Lisman Leckerling PC
For the Defendant
MEMORANDUM OF DECISION
Colleen A. Brown, United States Bankruptcy Judge
Granting in Part and Denying in Part the Plaintiff's Motion for Summary Judgment
This suit arises from two contracts the Plaintiff and the Defendant executed prior to the commencement of this chapter 7 case - an occupancy agreement under which the Defendant would operate a summer camp on the Southern Vermont College campus, and a purchase and sale contract under which the Defendant would purchase property that included the campus.

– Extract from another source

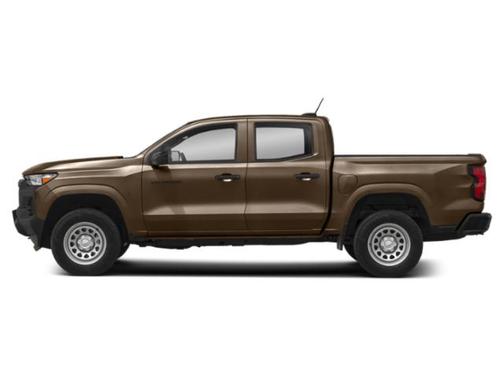 Harvest Bronze Metallic 2023 Chevrolet Colorado WT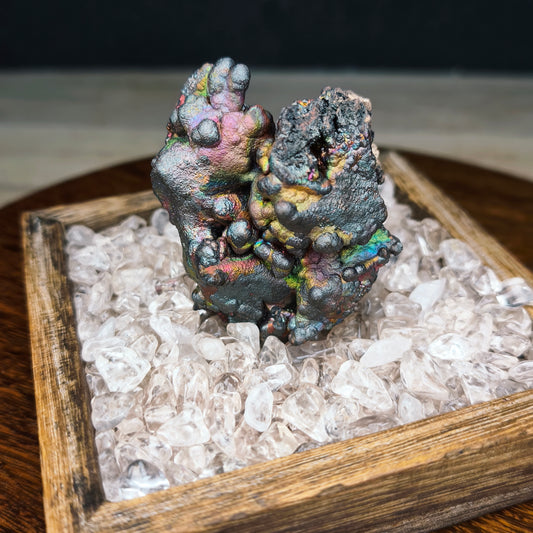 頂級 高舉勝利 造型  令令亞嚕家大佛珠 力泥活石 稀有  膽料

The Plaintiff seeks summary judgment on its breach of contract claim against the Defendant. He asserts the Defendant caused significant damage to the campus property during the term of the occupancy agreement, which triggered a default under the purchase and sale agreement. Based on this default, the Plaintiff asserts he has a contractual right to retain the $300,000 deposit the Defendant made to secure the purchase and sale agreement, pursuant to a liquidated damages provision.
The Defendant opposes summary judgment, alleging there are material facts in dispute. He also denies causing any damage to the campus property, and asserts that even if he did, a breach under the occupancy agreement does not entitle the Plaintiff to damages under the purchase and sale agreement. In the context of this summary judgment motion, it is most important that the Defendant challenges the Plaintiff's position that the material facts with respect to the alleged breach of contract are undisputed.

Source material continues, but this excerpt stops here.